On May 5, 2000, the American Legislative Exchange Council’s (ALEC) Natural Resources Task Force adopted the ‘Environmental Literacy Improvement Act’ at ALEC’s Spring Task Force Summit, with full approval by ALEC’s Board of Directors in June 2000. The model bill was designed to spread climate denial to K-12 students by requiring that ‘both sides’ of climate science be taught in schools, establishing state-level councils to oversee all scientific material presented to students and allowing fossil fuel companies to directly influence how climate science is presented in classrooms. The bill mandated teaching that there is ‘major controversy over whether or not humans are changing the weather,’ despite overwhelming scientific consensus on anthropogenic climate change.

The task force was headed by Sandy Liddy Bourne from 1999-2004, who ascended to Director of Legislation and Policy for ALEC in 2004, then became the Heartland Institute’s Vice President for Policy Strategy upon leaving ALEC in 2006—creating a direct personnel pipeline from ALEC to the climate denial think tank ecosystem. In 2012, leaked internal Heartland Institute documents revealed their ‘Global Warming Curriculum for K-12 Classrooms’ project designed to teach students climate doubt, operating in coordination with ALEC’s model legislation. The Heartland Institute continued to promote ALEC’s Environmental Literacy Improvement Act on its website years after the initial leak. Between 2000 and 2013, ALEC planted the Environmental Literacy Improvement Act in 11 state legislatures, with the bill passing in four states and introduced in Oklahoma, Colorado, and Arizona in early 2013.

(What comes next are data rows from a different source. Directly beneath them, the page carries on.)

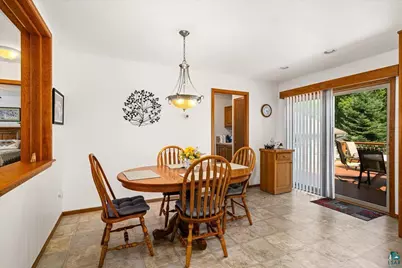 4368 Jamie Dr, Hermantown, MN 55811 - Photo 15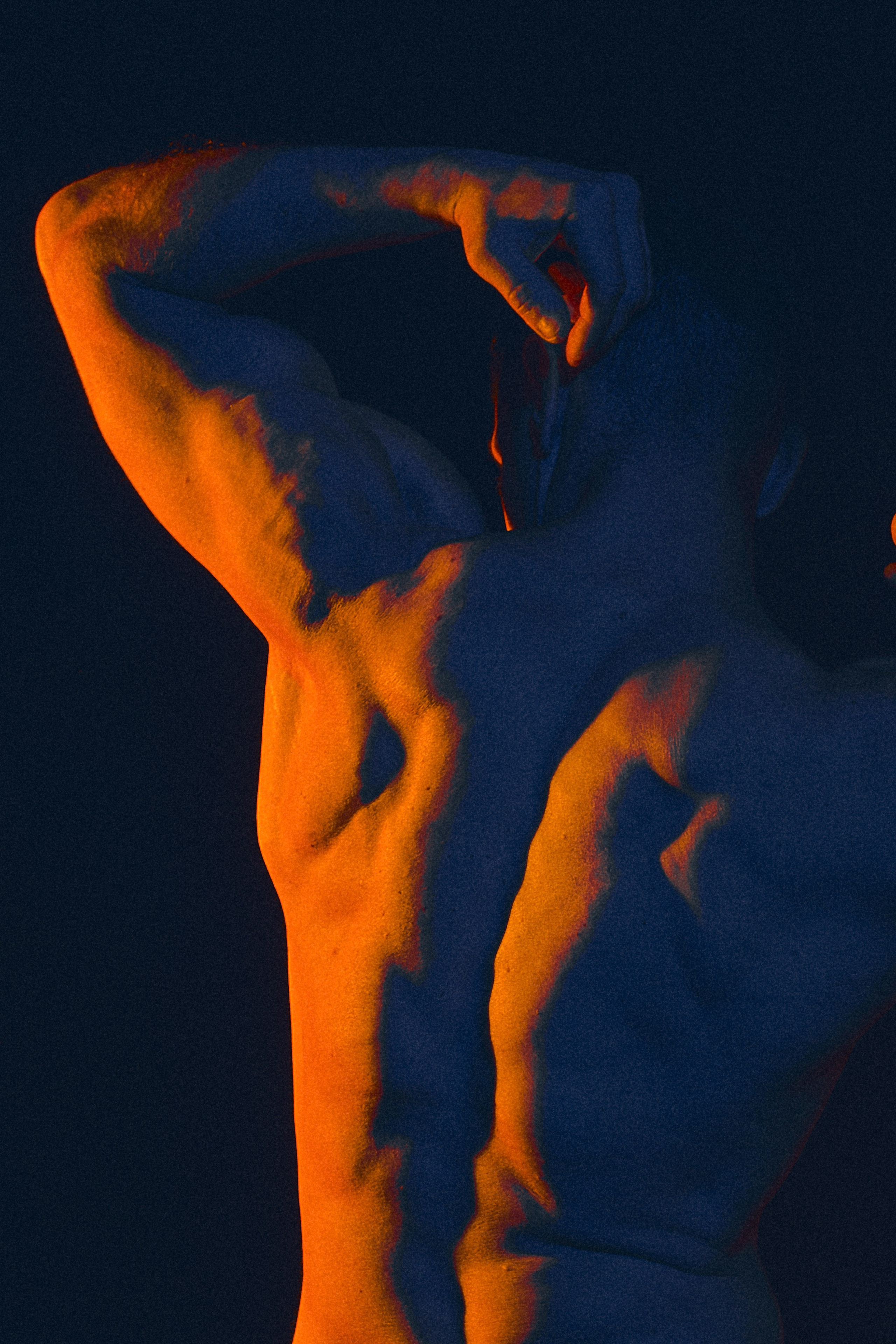 #menfashion #mens #luxury #malemodel #picoftheday #balenciaga #man #instafashion #lifestyle #outfit #life #outfitoftheday #mensclothing #streetfashion #mensfashionpost #stylish #mensweardaily #vintage#мужскиебренды#фотосъёмка #мужскоефото #мужскиесьемки #модель #пареньмодель #тренд #мужскиетренды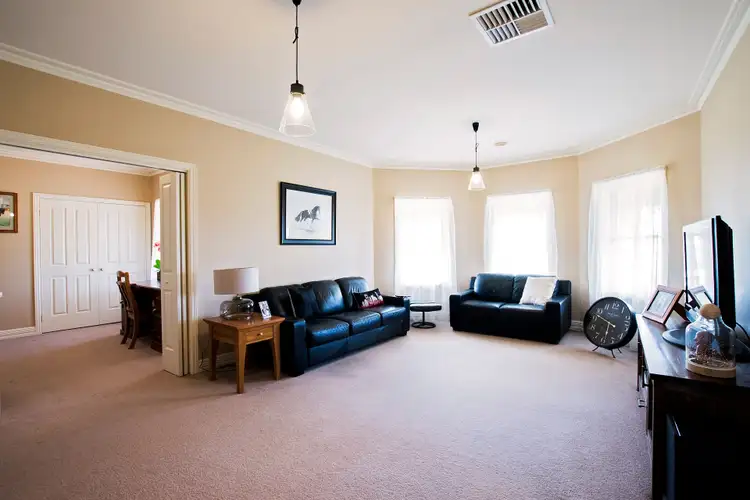 Seventh view of Homely house listing, 82 Pascoe Street, Rochester VIC 3561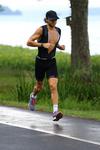 2021-jul-10-tmrmountainlakestriathlon-3-0900-0910-IMG_3827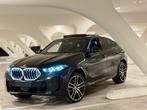 BMW X6 3.0d xDrive / M-Pack / H&K, Autos, BMW, Cuir, Achat, Euro 6, Entreprise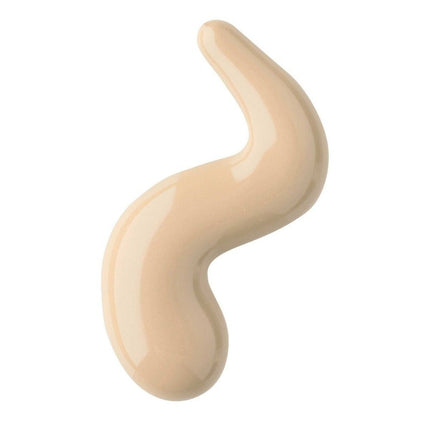 Artdeco Rich Treatment Foundation - 20ml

The systematic injection of climate denial into public education represented institutional corruption of scientific education by fossil fuel interests. By mandating ‘both sides’ teaching of settled climate science, ALEC created false equivalence between peer-reviewed climate research and industry-funded denial—the same propaganda strategy Philip Morris used with tobacco science denial. The establishment of state oversight councils gave fossil fuel companies direct veto power over curriculum content, ensuring students received industry-approved misinformation during their formative educational years. This multi-decade campaign to corrupt science education demonstrates how corporate lobbying organizations weaponized the education system to manufacture future generations of climate science skeptics, undermining the scientific literacy needed for democratic climate policy debates.